TabPFN as a Conditional Density Estimator: What the Benchmark Actually Shows for Severity Pricing

TabPFN has been generating considerable hype as a “foundation model for tabular data” — the claim being that a single pre-trained transformer, requiring no gradient descent at your data, can beat tuned tree ensembles on small classification problems. Hollmann et al. showed this for classification in Nature in January 2025. The obvious next question for insurance is whether it extends to regression, and specifically to severity modelling — which is not just predicting a mean but estimating a conditional distribution.

Izbicki and Rodrigues (arXiv:2603.26611, submitted 27 March 2026) have now run that experiment. Their paper benchmarks three tabular foundation models as conditional density estimators (CDEs) against 10+ classical baselines across 39 datasets at training sizes ranging from n=50 to n=20,000. The results are more nuanced than the TabPFN marketing suggests, and they have direct implications for how you should think about distributional severity tools.

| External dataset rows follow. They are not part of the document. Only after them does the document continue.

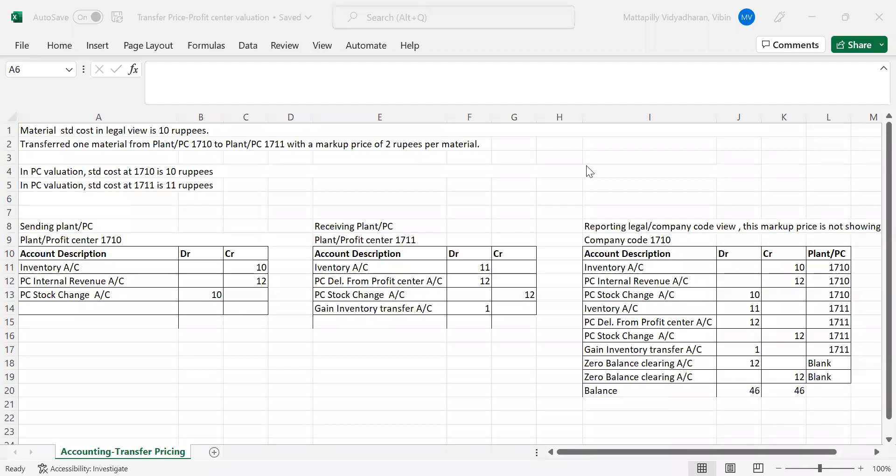Today we are going to discuss transfer pricing. What is transfer pricing and why we use it? The purpose of transfer pricing is suppose you have two plants having separate profit centers. Whenever you send material from plant A to plant B, plant A wants to charge a markup profit from plant B. This is used for internal profitability reporting — department-wise or profit center-wise reporting.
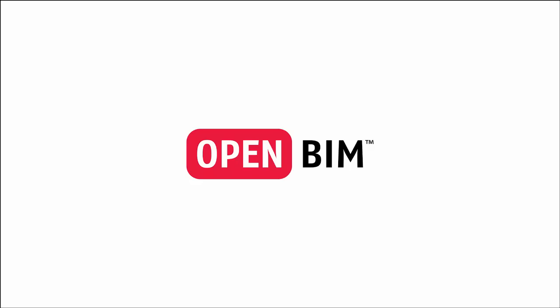Data Design System is member of the OpenBIM initiative. All our solutions, which includes our flagship product DDS-CAD, support and are compliant with open standards such as IFC.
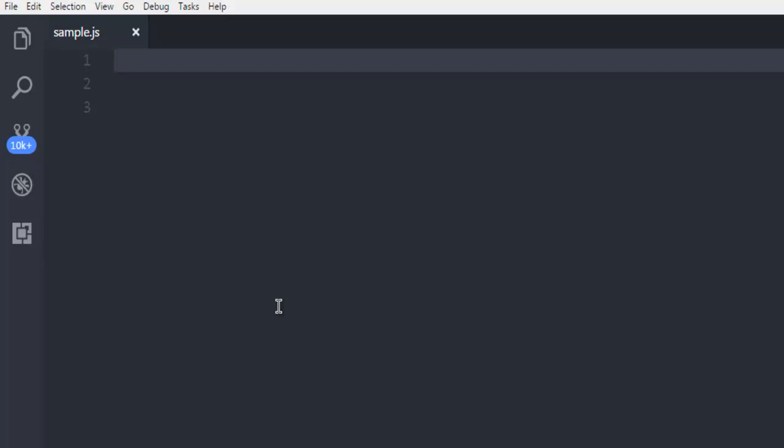Hi there. In this video I'm going to show you how to serve a 500 internal server error custom page in Node Express. First, open Visual Studio Code or any other text editor and create a sample.js file. Make sure that you have Node and Express installed on your system.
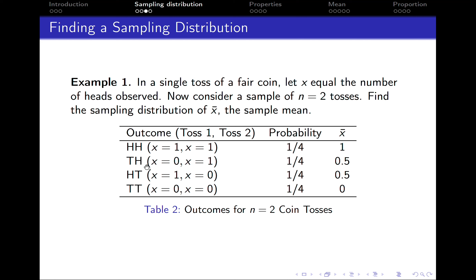The second outcome is that on the first toss we get a tail and on the second toss we get a head. So x is 0 on the first toss and x is 1 on the second toss. The probability of this happening is also 1/4, and the sample mean is (0+1)/2 = 0.5.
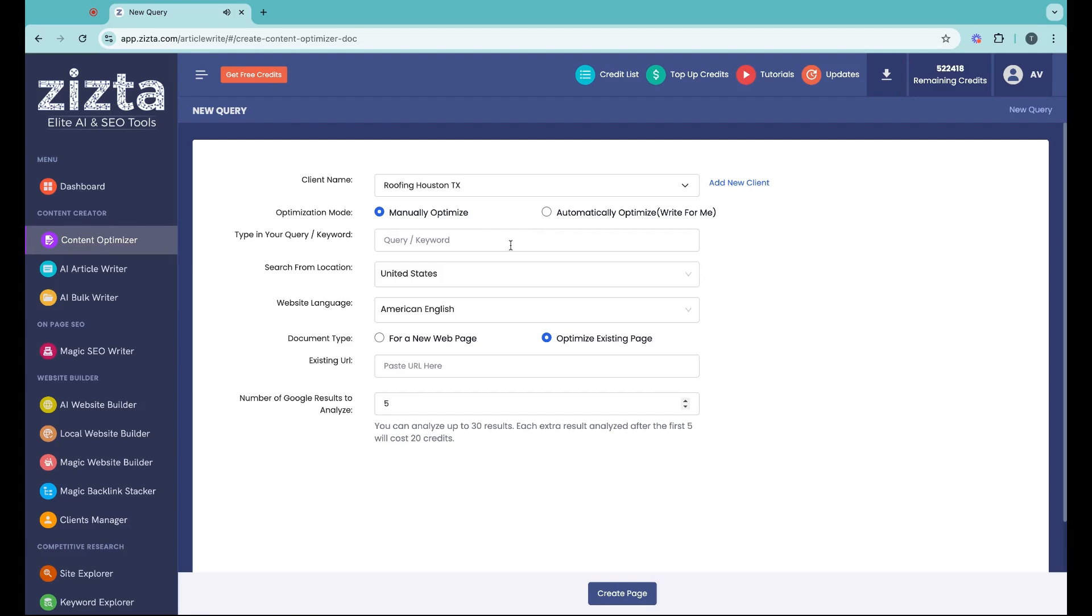Are you struggling to climb the SEO ladder with your content? Zysta presents Content Optimizer, absolutely free. In a few clicks, you can thoroughly assess the on-page score of your existing content and apply recommendations without spending a dime.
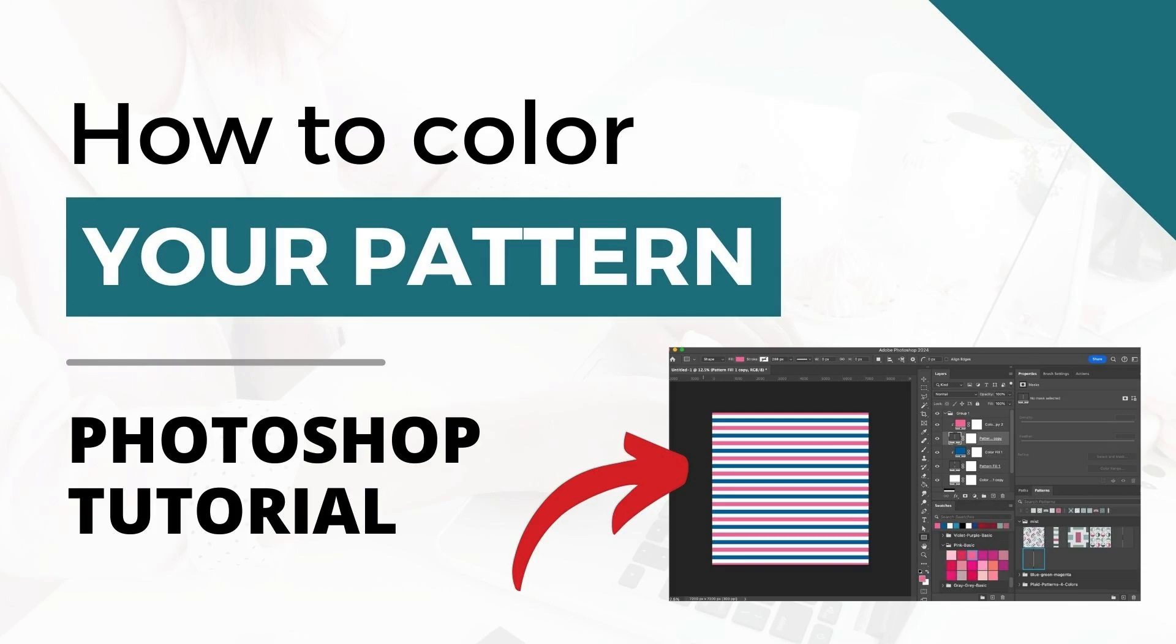This is Trisha from Lemon Paper Lab. In this video I'm going to show you how to change the color of a pattern layer.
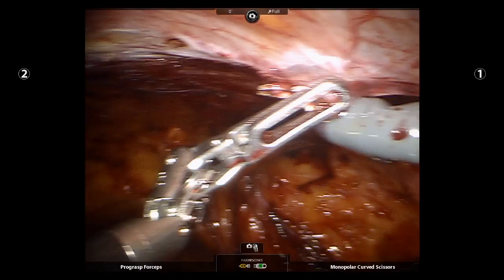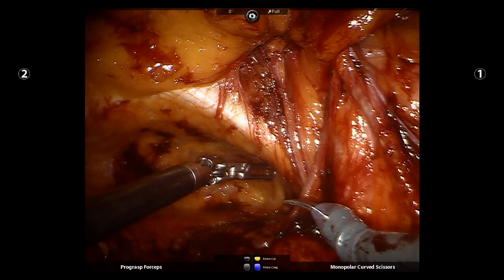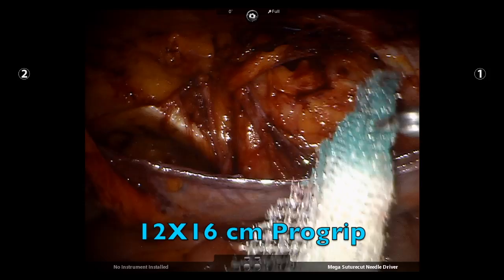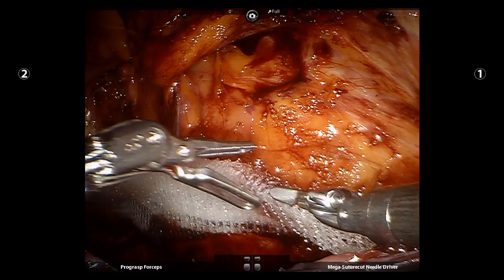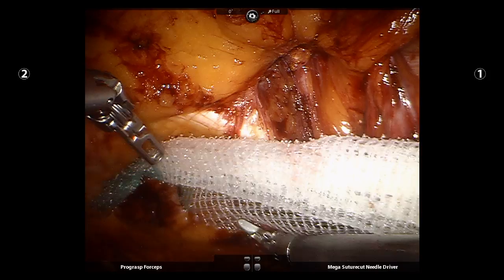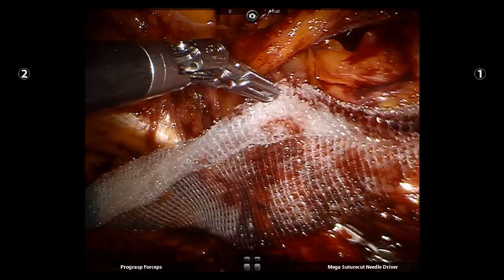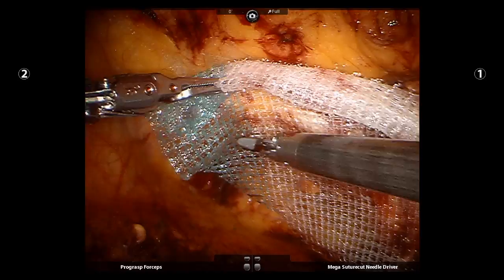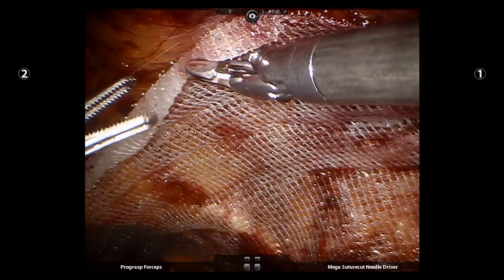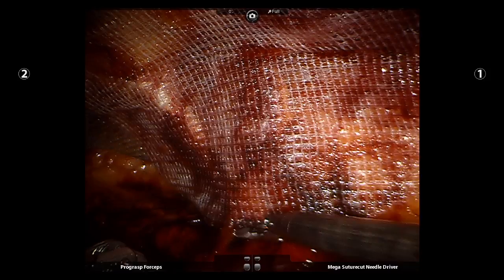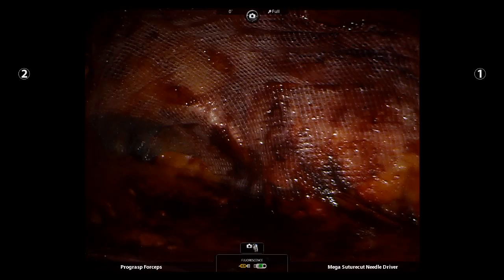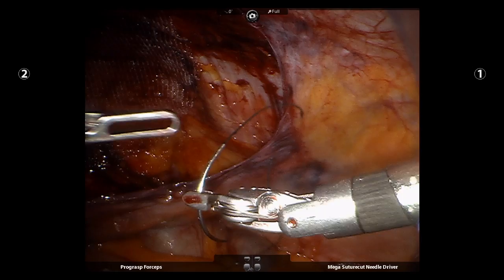The upper lip of the peritoneum is dissected to facilitate subsequent closure. This is a 12 x 16 cm sheet of ProGrip mesh. Note that the inferior edge of the mesh is remote to that of the inferior edge of the peritoneum. Also note that with peritoneal manipulation, the inferior edge does not clamshell. My resident then completes peritoneal closure utilizing 3-0 V-Lock suture.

What “conditional density estimation” means for severity

A severity model is, at its core, a conditional density estimator. Given a set of rating factors $x$ for a claim, you want $f(y \mid x)$ — the full distribution of claim amounts, not just the mean. The Gamma GLM gives you $f(y \mid x)$ under a Gamma assumption. The DRN in insurance-severity gives you a non-parametric refinement of $f(y \mid x)$ that does not assume Gamma. Both are CDEs.

TabPFN-2.5’s approach to CDE is different: it outputs a “bar distribution” — a discrete probability mass over 200 binned intervals spanning the response range. Bin widths are uniform after normalising the response. This is converted to a density by dividing by bin width and linearly interpolating to a 200-point grid. TabICL-Quantiles takes yet another approach: it outputs predictive quantiles directly, which are interpolated to a CDF and then numerically differentiated to a density.

Both are reasonable approximations. Both have failure modes at the tail. More on that below.

The benchmark setup

Izbicki and Rodrigues ran three foundation models:

TabPFN-2.5 — the standard model (bar distribution, 200-point grid)
RealTabPFN-2.5 — additionally fine-tuned on curated real-world tabular datasets
TabICL-Quantiles — direct quantile outputs, interpolated to density

Against a wide set of baselines including: Gamma GLM (ridge), Lognormal GLM (homo/hetero), Student-t, BART variants, FlexCode-RF (cosine basis expansion on random forest), Mixture Density Networks (MDN), neural spline flows, and a binned-softmax MLP (CatMLP).

Evaluation metrics: CDE loss (a proper scoring rule for densities), log-likelihood, CRPS, PIT-KS calibration statistic, and 90% empirical coverage. Training sizes: n ∈ {50, 500, 1,000, 5,000, 10,000, 20,000} across 39 OpenML regression datasets.

Code and data at github.com/rizbicki/tabDensityComparisons.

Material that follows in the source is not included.